Based on interviews with 15 former ''comfort women'' and others in East Timor, the groups have set up 50 panels bearing their pictures and testimonies for an exhibition at the Women's Active Museum on War and Peace in Tokyo through May 27.
Under the ongoing campaign, they plan to translate the explanations on the panels into the official East Timorese language, Tetun, so people there will be able to learn about wartime history.
''People in East Timor do not have enough materials to learn their own history,'' said Akihisa Matsuno, a member of the East Timor Japan Coalition. ''We hope we can raise 2 million yen in order to complete the translation and creation of the panels by the summer.''
They plan to show the panels to junior and senior high school teachers in East Timor at seminars for use in their history classes, according to Matsuno, also professor at Osaka University of Foreign Studies.
As part of their efforts to promote the campaign, the Japanese groups recently invited Angelina de Araujo from East Timor, a member of the HAK Association, or the association for human rights and justice, so she could talk to people in Japan about her interviews with the former sex slaves.
''I did not know anything about the wartime sex slavery before the interviews, and I felt sad, as a woman, about what they told me,'' Araujo, 27, said. ''Sometimes I was unwilling to listen to their stories, but I continued the interviews as I believed their history would be terminated if we did not record them.''
According to the study by Araujo and other researchers, the Japanese military established wartime brothels all over East Timor after invading the region in 1942, and intimidated the local people into providing young women for the soldiers.

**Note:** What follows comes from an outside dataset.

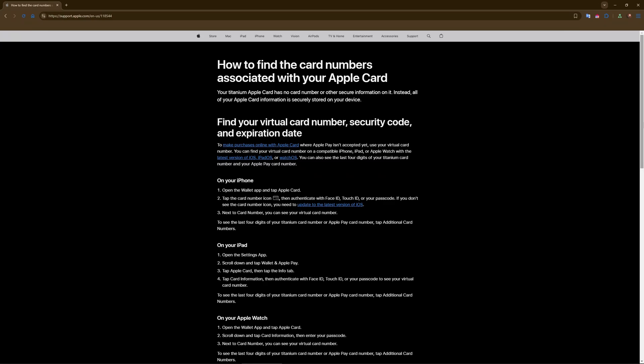After that, you need to select your card. Tap on the card you want to view to see the card details. Tap on the three dots in the top right corner to open the card's settings.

Some interviewees testified that they had been repeatedly raped by the soldiers, even though they had not yet started menstruating, while one woman said that young girls were afraid of condoms as they did not know what they were and felt afraid to have something unknown entering their bodies.
Another woman said she had been kept at the house of a high-ranking officer. ''My parents sometimes brought me food, but they never entered the house,'' she said. ''They just stood at the door and stared at me while I was inside the house.''
Araujo, who held talk sessions in five Japanese cities, including Sendai, Tokyo and Osaka, said, ''Some of them were initially hesitant to speak out as they felt embarrassed with their past hardships, while some started crying while telling me their stories.''
''But now they have allowed us to display the panels on their testimonies,'' she said. ''Now that I have come to know their tough lives, I expect the Japanese government to compensate them.''
The interviews also covered 85 other people who went through the era of Japanese occupation and were aware of the damage caused by the Japanese military.
A former village chief said he had been ordered to find and offer young girls, while another man testified he had made the ''comfort women'' -- called ''sweet girls'' in the local language -- bathe every day to ensure that they would not become dirty.
''The women were unpaid, and they were given neither food nor clothes, so their parents brought them food,'' he said. ''As for me, I was ordered at the end of every day to clean up the women's rooms, in which condoms were scattered over the floor.''
Kiyoko Furusawa, another member of the East Timor Japan Coalition, said, ''Many high-ranking Japanese government officials have visited East Timor so far, but none of them has apologized for Japan's wartime acts or referred to compensation.''
Furusawa, also associate professor at Tokyo Woman's Christian University, called on the government to acknowledge the wartime history of East Timor sincerely.
East Timor officially gained independence in 2002 after two-and-a-half years under U.N. administration following a vote for independence from Indonesia in 1999.